[Date Prev][Date Next][Thread Prev][Thread Next][Date Index][Thread Index]
Re: [Qemu-devel] [PATCH v3 1/2] tests: Add test-listen - a stress test f
From: |
Knut Omang |
Subject: |
Re: [Qemu-devel] [PATCH v3 1/2] tests: Add test-listen - a stress test for QEMU socket listen |
Date: |
Tue, 20 Jun 2017 22:58:43 +0200 |
On Fri, 2017-06-16 at 15:41 +0100, Daniel P. Berrange wrote:
> On Wed, Jun 14, 2017 at 06:53:51PM +0200, Knut Omang wrote:
> > There's a potential race condition between multiple bind()'s
> > attempting to bind to the same port, which occasionally
> > allows more than one bind to succeed against the same port.
> >
> > When a subsequent listen() call is made with the same socket
> > only one will succeed.
> >
> > The current QEMU code does however not take this situation into account
> > and the listen will cause the code to break out and fail even
> > when there are actually available ports to use.
> >
> > This test exposes two subtests:
> >
> > /socket/listen-serial
> > /socket/listen-compete
> >
> > The "compete" subtest creates a number of threads and have them all trying
> > to bind
> > to the same port with a large enough offset input to
> > allow all threads to get it's own port.
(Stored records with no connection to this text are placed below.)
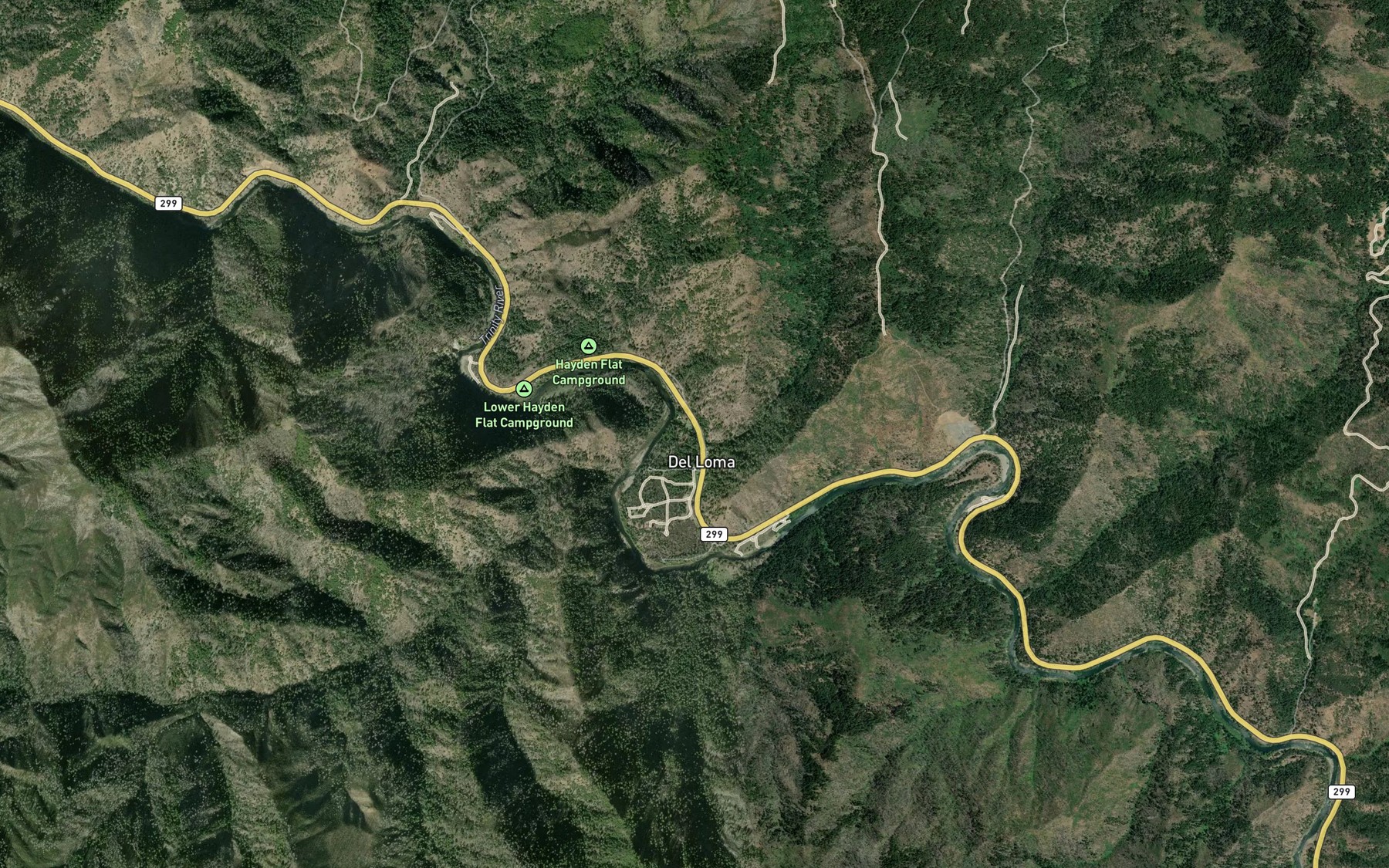 Satellite map of the Pelletreau Creek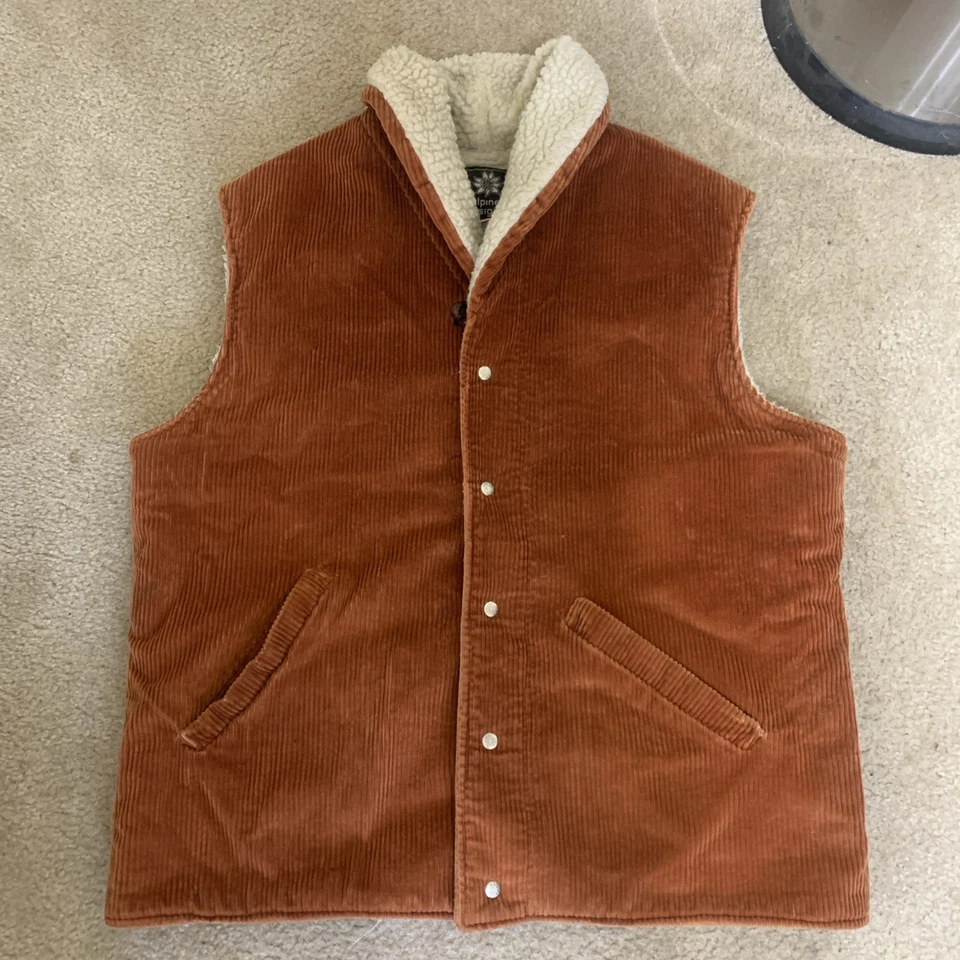 Chaleco de Trabajo Alpine Designs Pana Naranja Quemado Forro Sherpa XL Muy Cálido Foto 1 de 4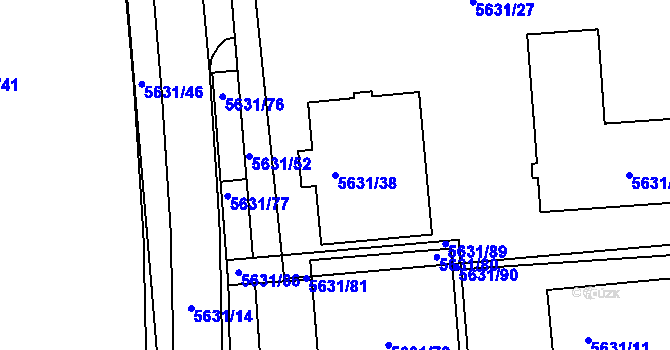Parcela st. 5631/38 v KÚ Tábor, Katastrální mapa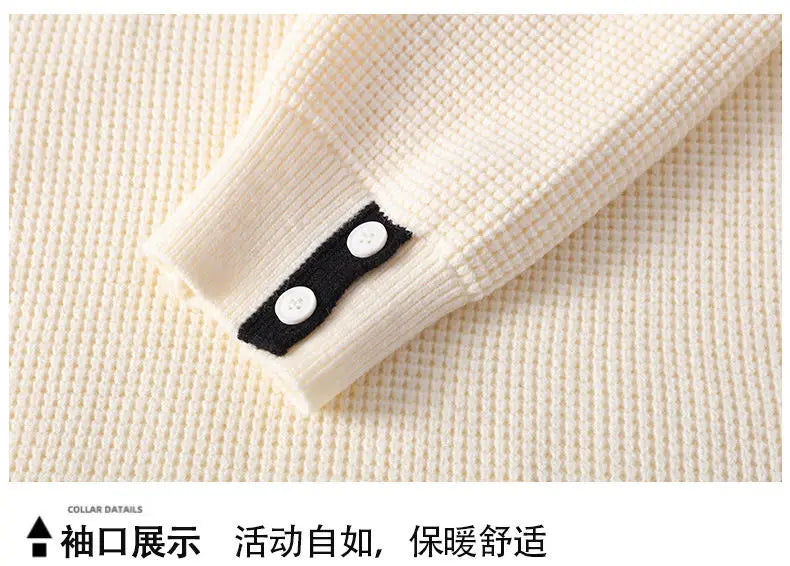 Fashion Blended Sweater 2025 Autumn/Winter Warm Wool Knitted Hoodies Cuff Button Design Casual Tops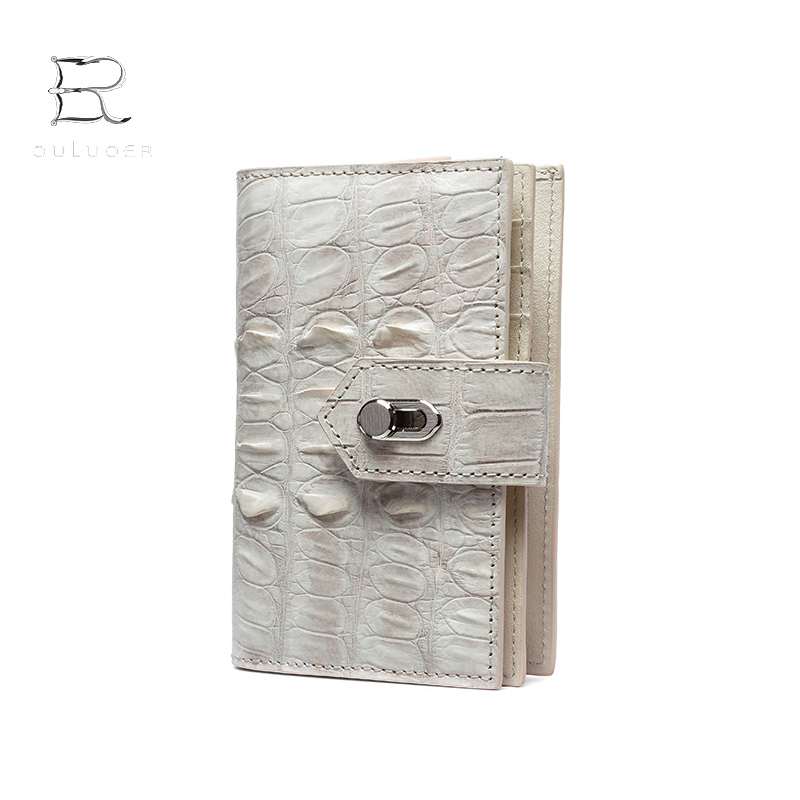 Ouluoer Thai Crocodile Leather Wallet Women's Short Genuine Leather Zipper Wallet New Large Capacity White Coin Purse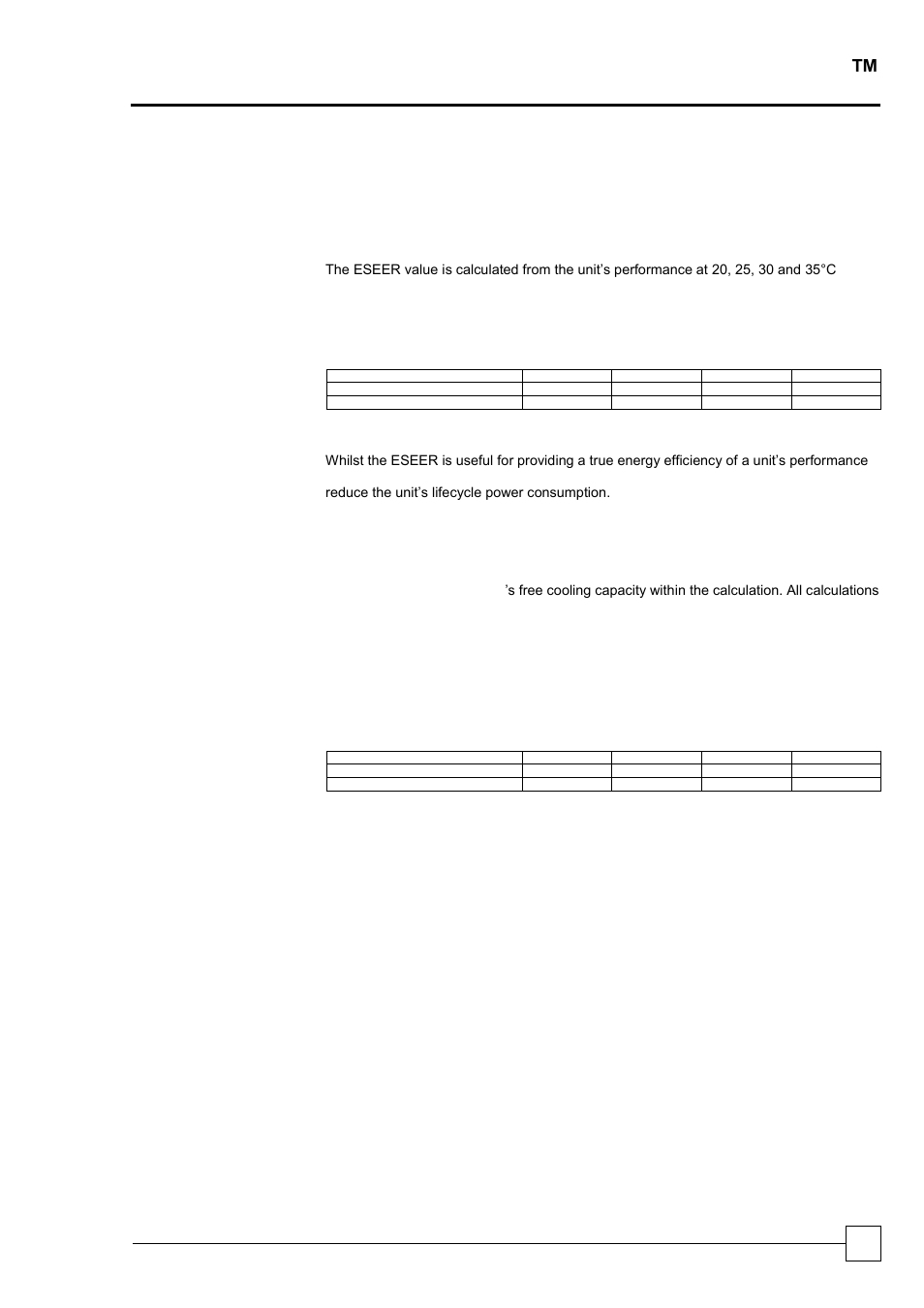 Performance data, Eseer calculations, Fseer calculations | Chillers logicool | Airedale LogiCool FreeCool 40kW User Manual | Page 19 / 40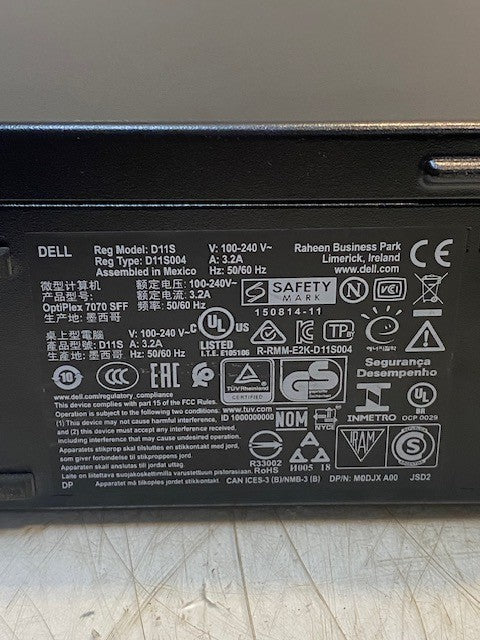 Dell OptiPlex 7070 SFF Model D11S Intel i5 vPro 9th Gen | 8GB RAM -No Hard Drive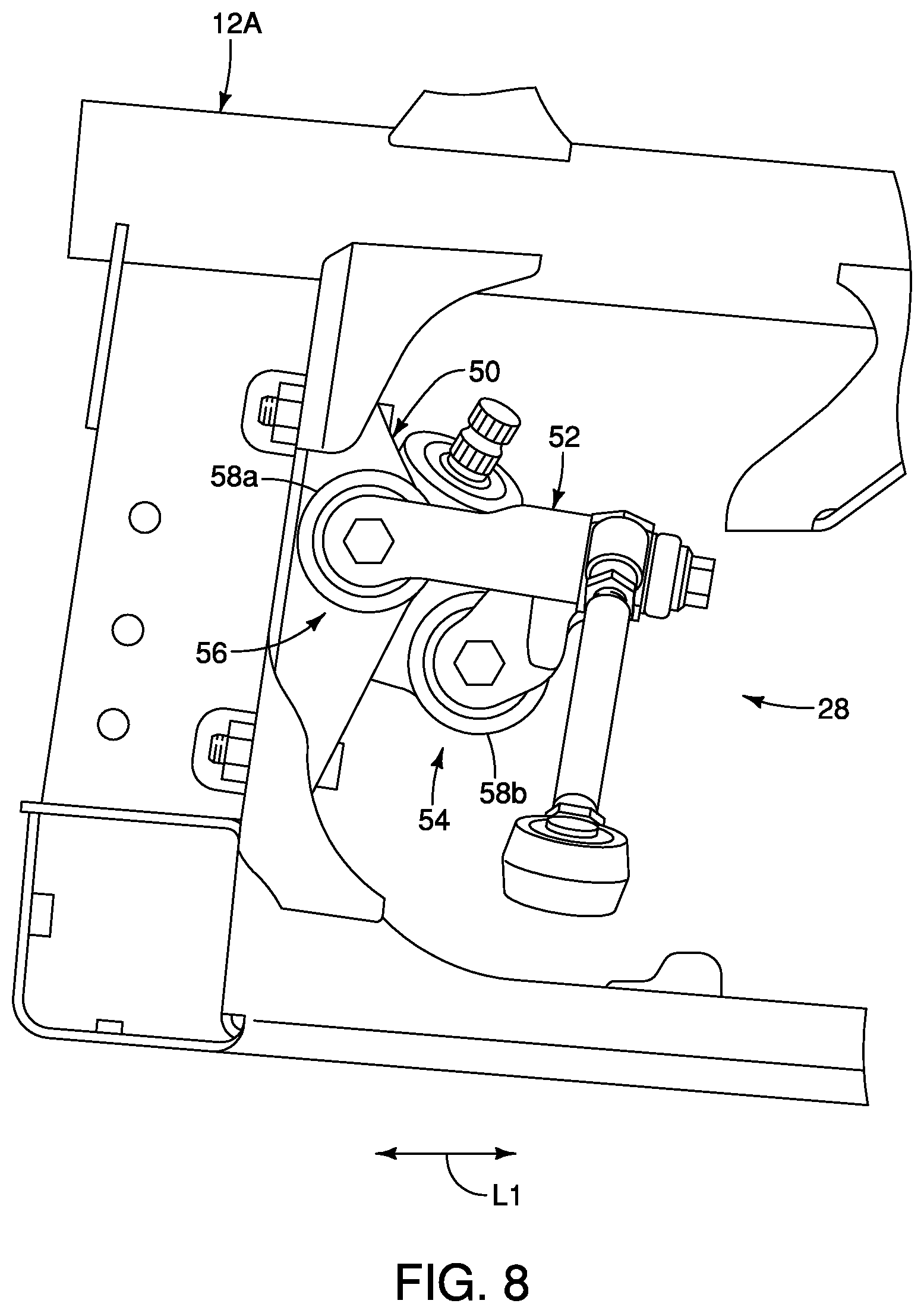 Patent US12319358 Figure 7 – Steering assembly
> > The "serial" subtest just does the same, except in series in a
> > single thread.
> >
> > The serial version passes, probably in most versions of QEMU.
> >
> > The parallel version exposes the problem in a relatively reliable way,
> > eg. it fails a majority of times, but not with a 100% rate, occasional
> > passes can be seen. Nevertheless this is quite good given that
> > the bug was tricky to reproduce and has been left undetected for
> > a while.
> >
> > The problem seems to be present in all versions of QEMU.
> >
> > The original failure scenario occurred with VNC port allocation
> > in a traditional Xen based build, in different code
> > but with similar functionality.
> >
> > Reported-by: Bhavesh Davda <address@hidden>
> > Signed-off-by: Knut Omang <address@hidden>
> > Reviewed-by: Yuval Shaia <address@hidden>
> > Reviewed-by: Bhavesh Davda <address@hidden>
> > Reviewed-by: Girish Moodalbail <address@hidden>
> > ---
> > tests/Makefile.include | 2 +-
> > tests/test-listen.c | 141 ++++++++++++++++++++++++++++++++++++++++++-
> > 2 files changed, 143 insertions(+)
> > create mode 100644 tests/test-listen.c
> >
> > diff --git a/tests/Makefile.include b/tests/Makefile.include
> > index 7180fe4..22bb97e 100644
> > --- a/tests/Makefile.include
> > +++ b/tests/Makefile.include
> > @@ -127,6 +127,7 @@ check-unit-y += tests/test-bufferiszero$(EXESUF)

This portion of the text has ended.